What happened: Iran yesterday failed to launch a satellite into space, Iranian state television said. The launch attempt took place at the Imam Khomeini Spaceport, around 145 miles south-east of Tehran. The Zafar 1 communications satellite failed to enter the earth’s orbit because of the low speed of the missile, the TV report said.
- A spokesman said initially that the satellite was “successfully” launched and went “90 per cent of the way”, reaching an altitude of 540km. Defence Ministry space programme spokesman Ahmad Hosseini said: “Stage-1 and stage-2 motors of the carrier functioned properly and the satellite was successfully detached from its carrier, but at the end of its path it did not reach the required speed for being put in the orbit.”
- Israeli Prime Minister Benjamin Netanyahu, speaking at a Likud election event said: “We were notified today that Iran failed in launching a satellite. Alright. I’ll tell you what else they’re failing at: in transferring weapons to Syria and Lebanon, because we are operating there all the time, including at this time.”
- Iran on Sunday also unveiled a new short-range ballistic missile and its “new generation” of engines designed to put satellites into space. The Islamic Revolutionary Guards’ website said the Raad-500 missile was equipped with new Zoheir engines made of composite materials that make them lighter than previous steel models.
- Unveiling the new missile and engine, IRGC commander Maj. Gen. Hossein Salami described them as “complicated achievements on the bleeding edge of global technology”. However, media reports speculate that the Raad missile is a development of an older model, the Fateh-110, a ballistic ground-to-ground missile unveiled in 2002, with the main change being that the range has increased from 100km to 300km.

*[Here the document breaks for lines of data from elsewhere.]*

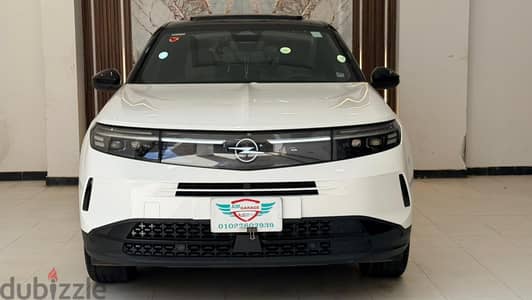 أوبل جراند لاند  Top line 2026  Opel Grandland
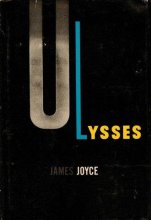 Cover art for Ulysses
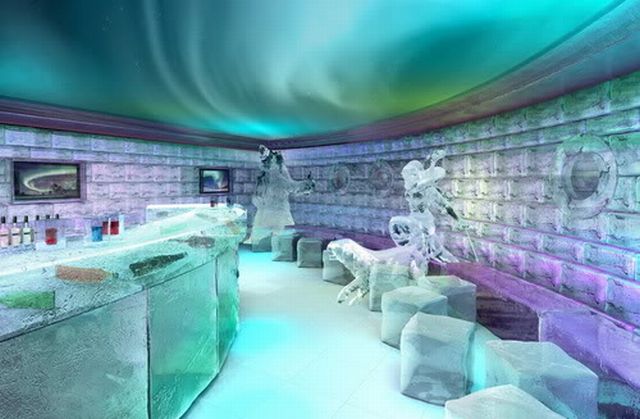 IceBar Orlando - Bar de gelo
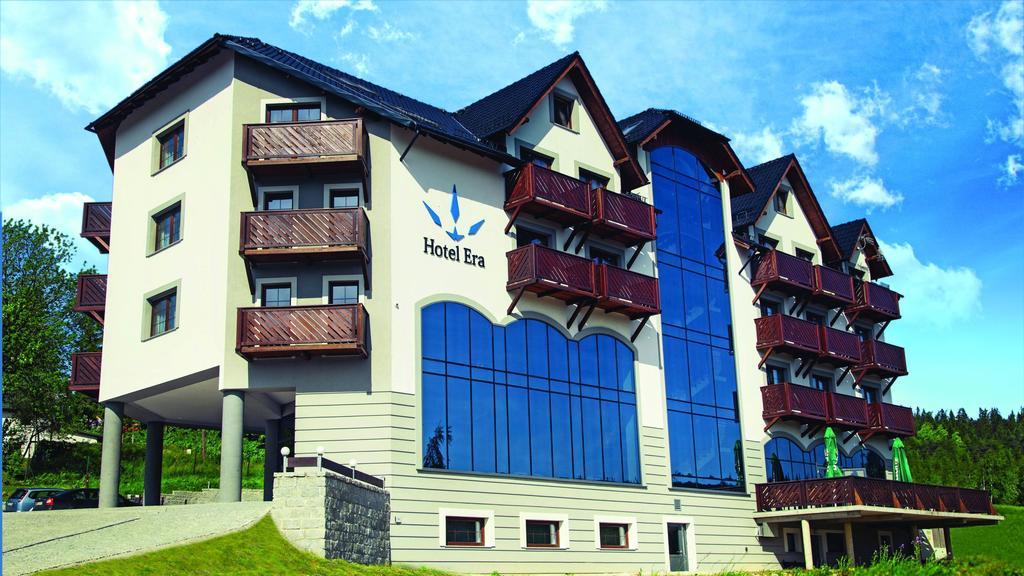 Hotel Era Świeradów-Zdrój エクステリア 写真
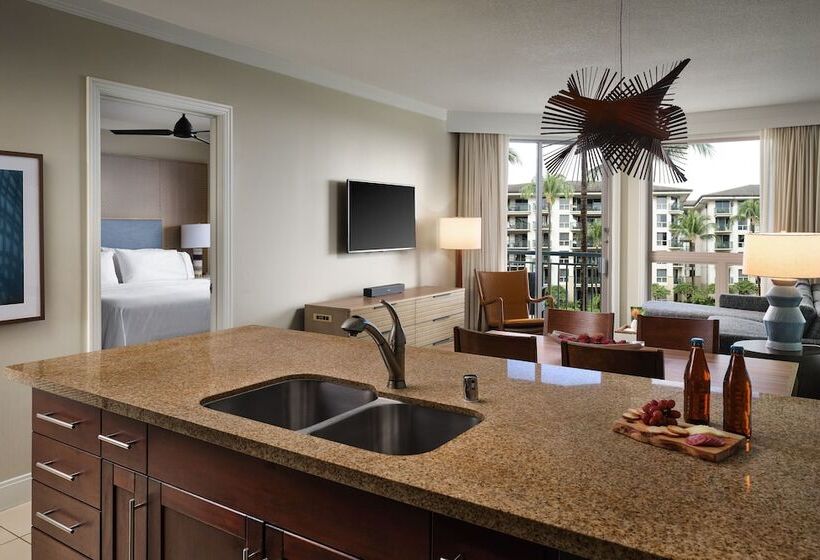 Вилла 2 Спальни, The Westin Ka Anapali Ocean Resort Villas North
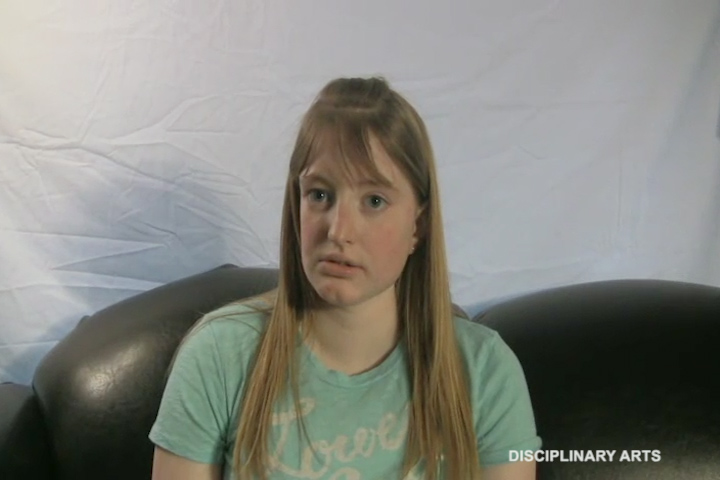 INTERVIEW SERIES: 19 year old Gracie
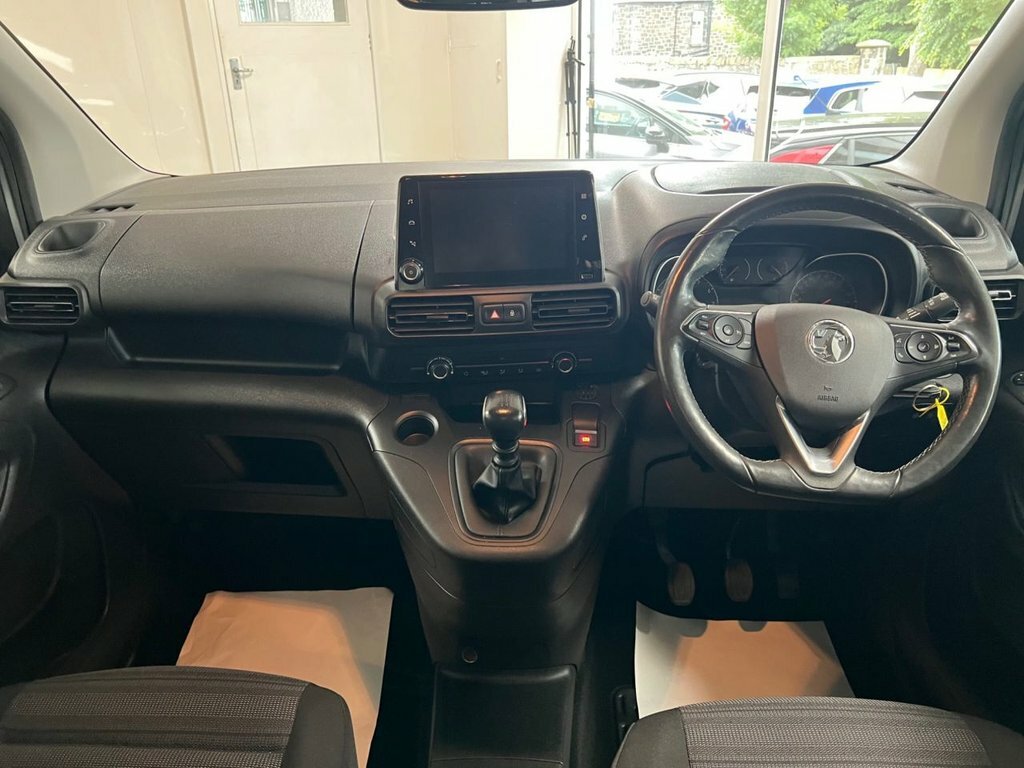 Vauxhall Combo Life 1.5L Se Grey #4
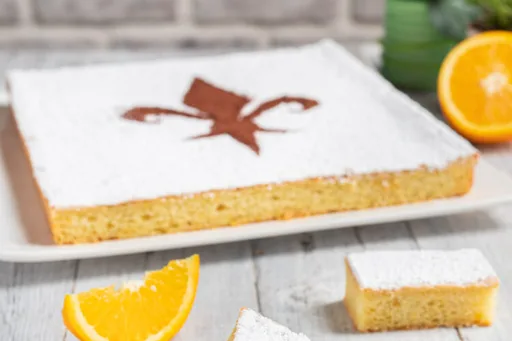 Schiacciata fiorentina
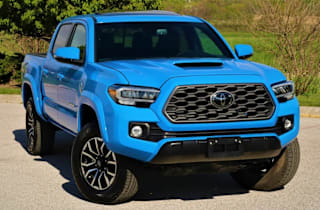 2021 Toyota Tacoma TRD Sport 3TMCZ5AN9MM382817 2021 Toyota Tacoma TRD Sport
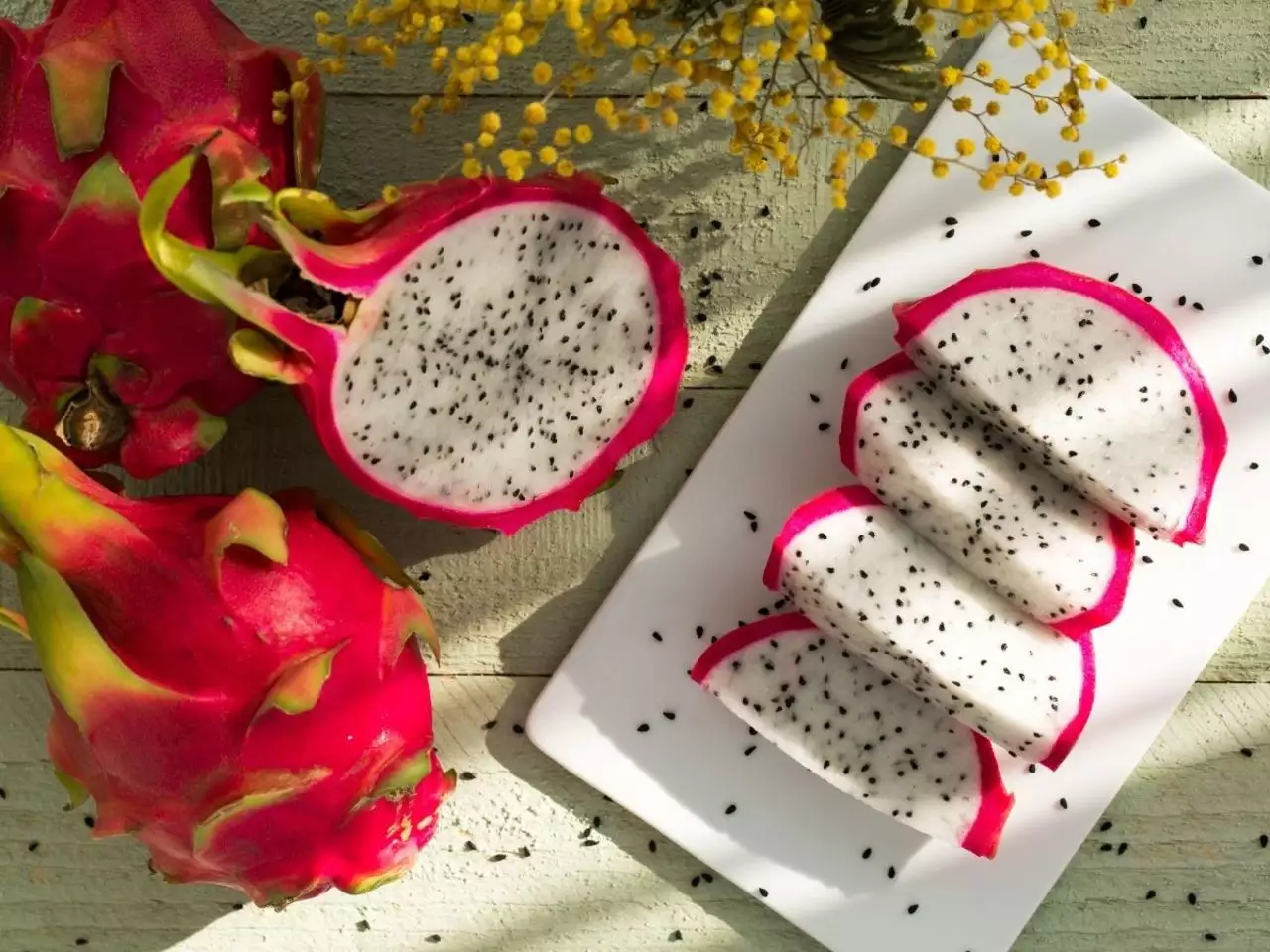 Surprising Benefits Of Dragon Fruit For Your Skin Health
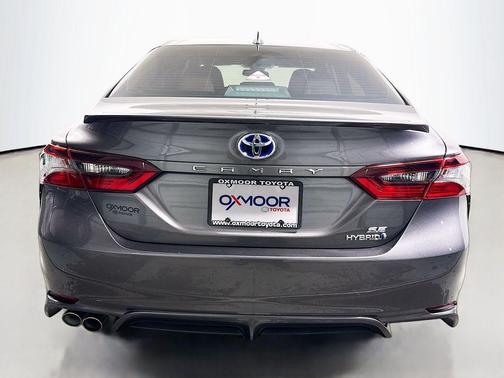 2024 Toyota Camry Hybrid SE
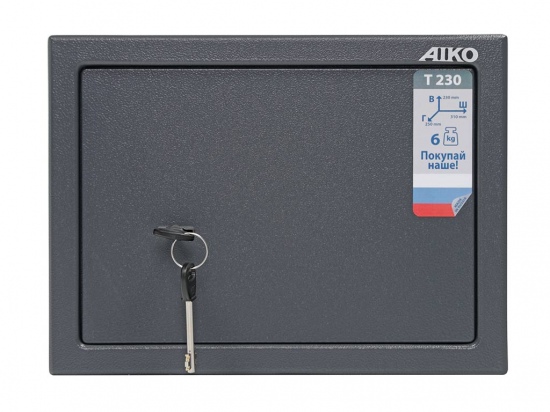 Сейф AIKO T-230 KL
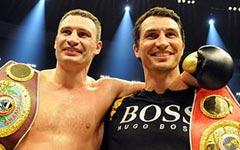 Братьев Кличко перепутали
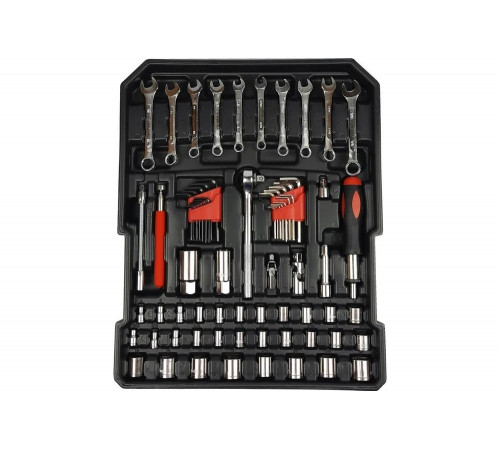 Набор инструментов для авто и дома Zitrek SHP399065-0048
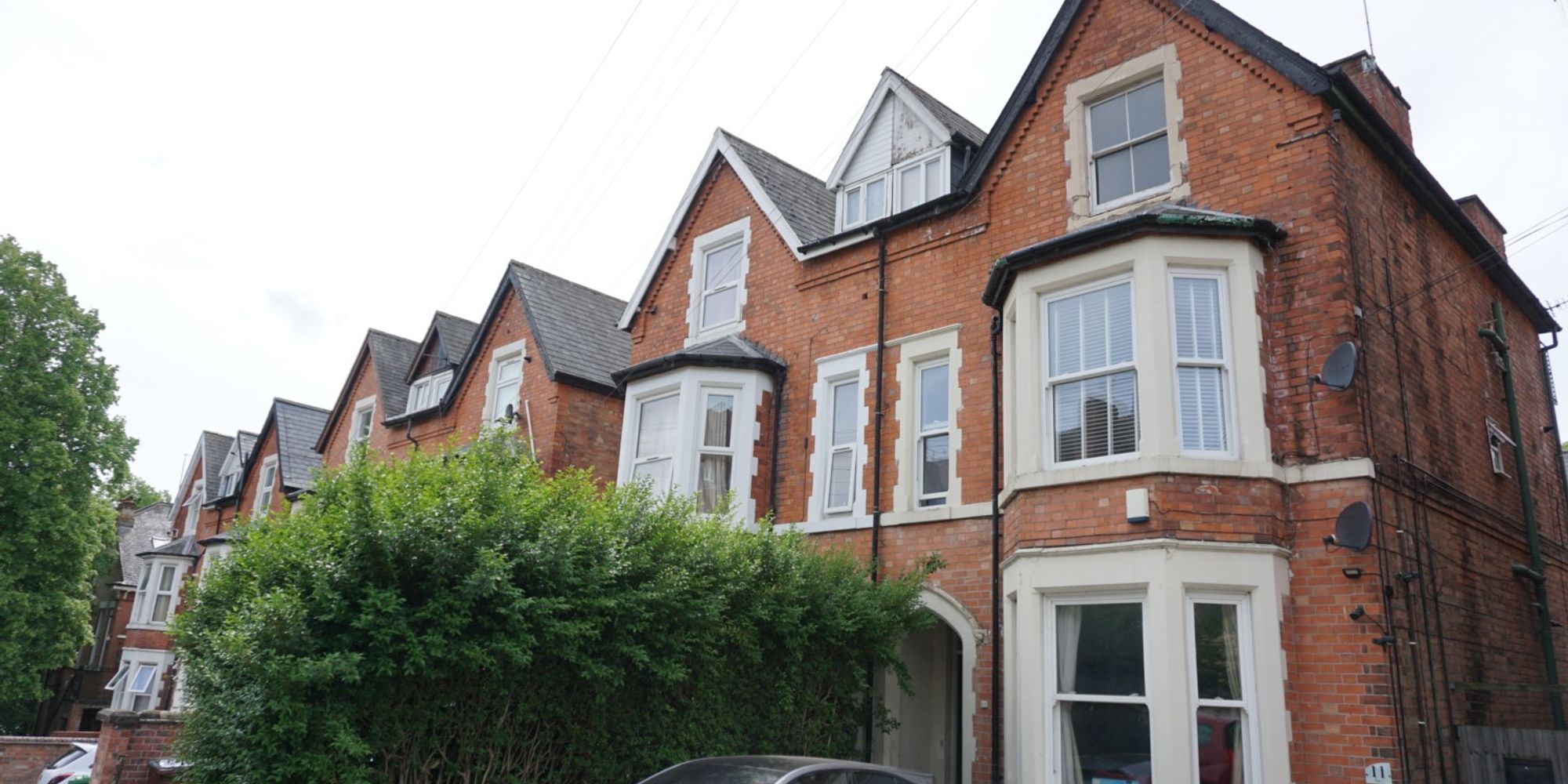 image representing 11 Mapperley Park Drive, Nottingham, NG3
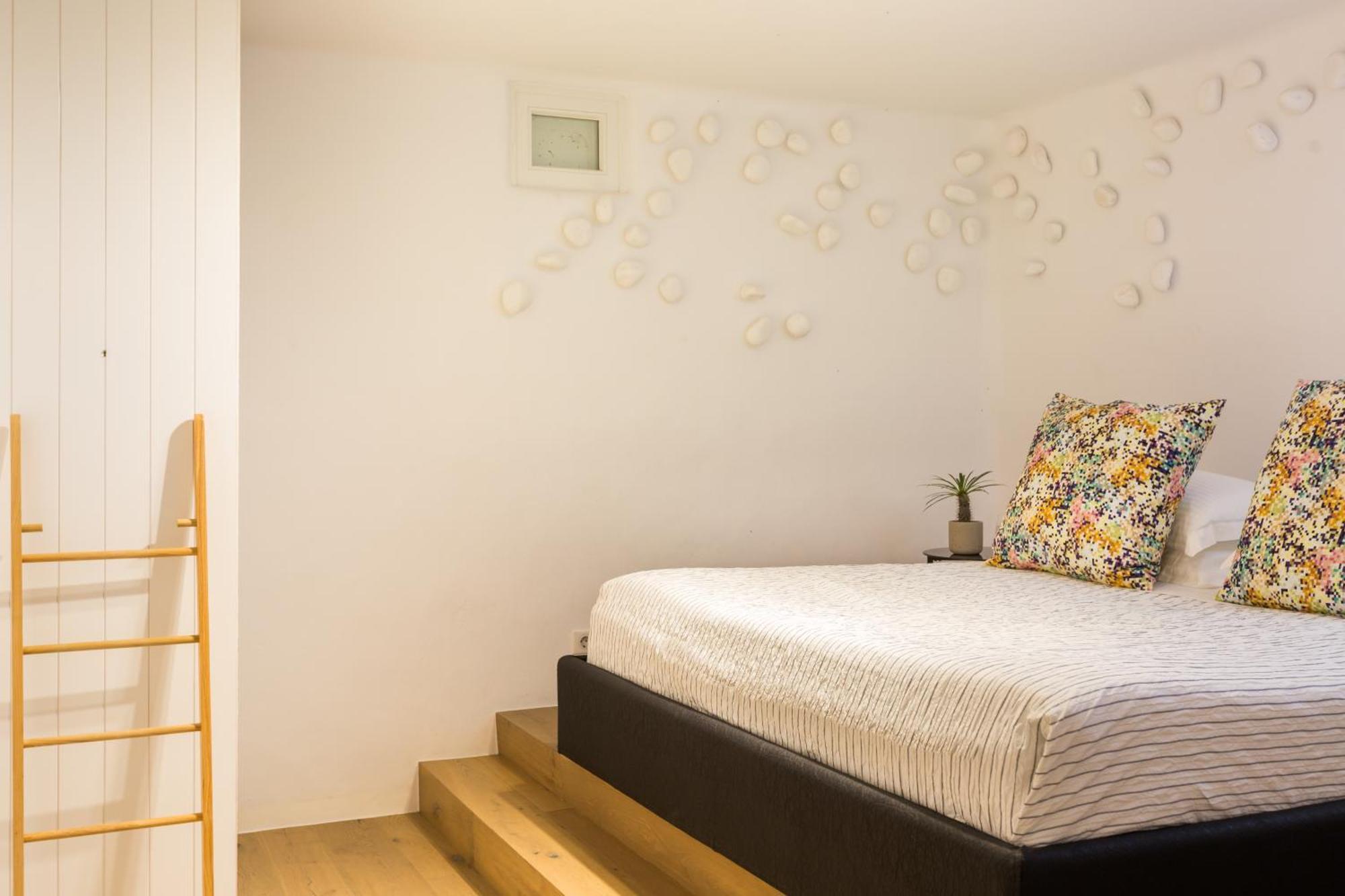 Kallos Villas & Suites Naxos City Стая снимка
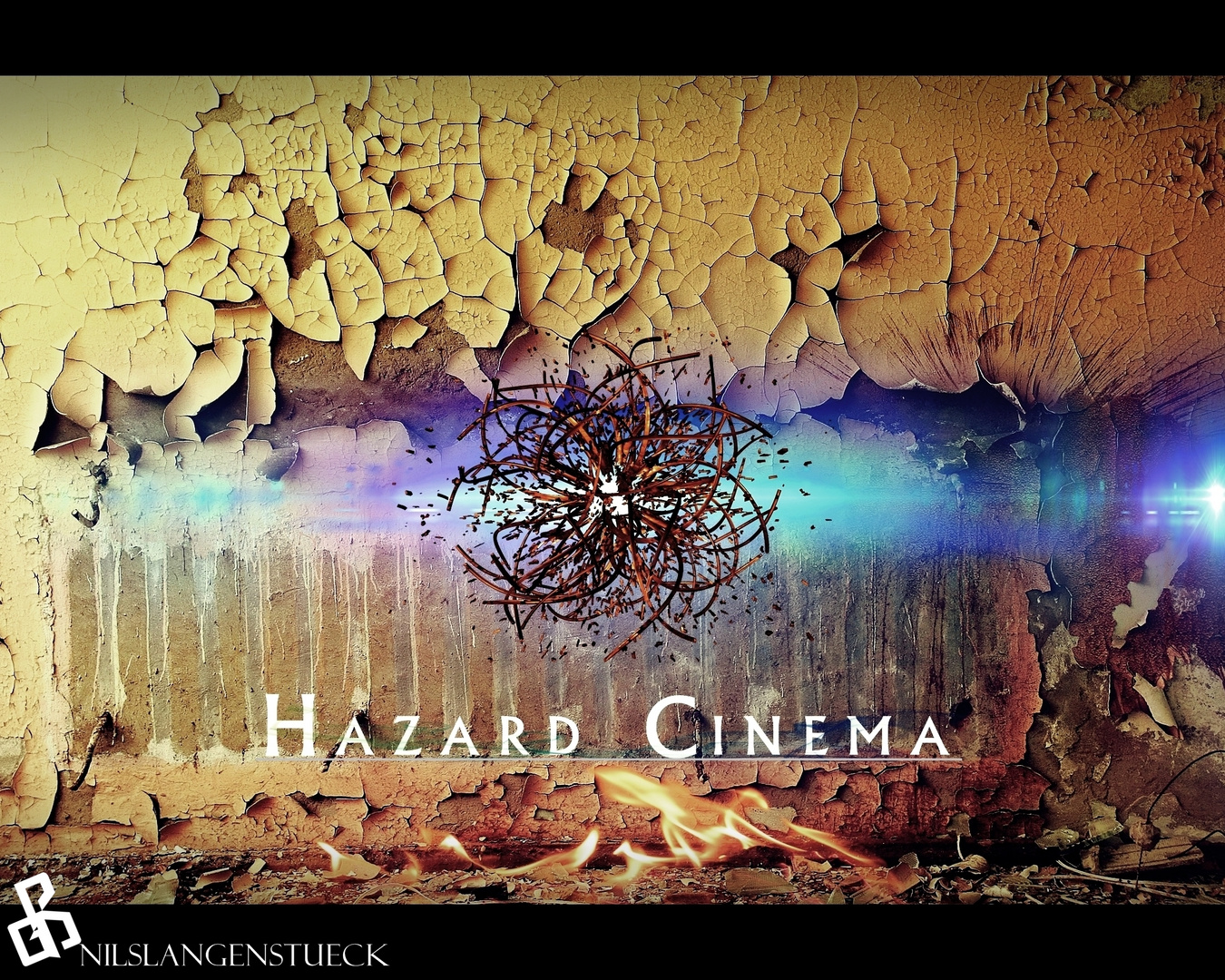 HAZARD CINEMA by PGD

Context: Sunday’s failed test was Iran’s sixth space launch since UN Security Council resolution 2231 endorsed the JCPOA in July 2015.
- UNSC Resolution 2231 calls on Iran not to undertake any activity related to ballistic missiles designed to be capable of delivering nuclear weapons, including launches using such ballistic missile technology before 2023.
- Different interpretations of the missiles provisions in 2231 have created disagreements between the signatories over the legality of these launches. The US believes that long-range ballistic missile technology used to put satellites into orbit could also be used to launch nuclear warheads. Tehran denies pursuing the development of nuclear weapons.
- In November 2019, the UK, France and Germany said that previous Iranian missile launches in April and July tested a new Shahab-3 medium-range ballistic missile variant equipped with a manoeuvrable re-entry vehicle: “Designed to be capable of delivering nuclear weapons” and constitutes an activity inconsistent with UNSCR 2231.
- Iran failed twice last year to launch the Payam and Doosti satellites, as well as experiencing a launchpad rocket explosion in August. A separate fire at the Imam Khomeini Space Center in February 2019 also killed three researchers, according to authorities at the time.
Looking ahead: Iran was likely to stage its military and space achievements in February to mark the anniversary of its 1979 Islamic Revolution. By attempting to launch a satellite into space, Iran was hoping to send a message to the US that its “maximum pressure” campaign was not working, but the failure of the launch is an embarrassing setback. Nevertheless, Iran is reportedly eager to continue with its space programme as it hopes to construct five more satellites by March 2021.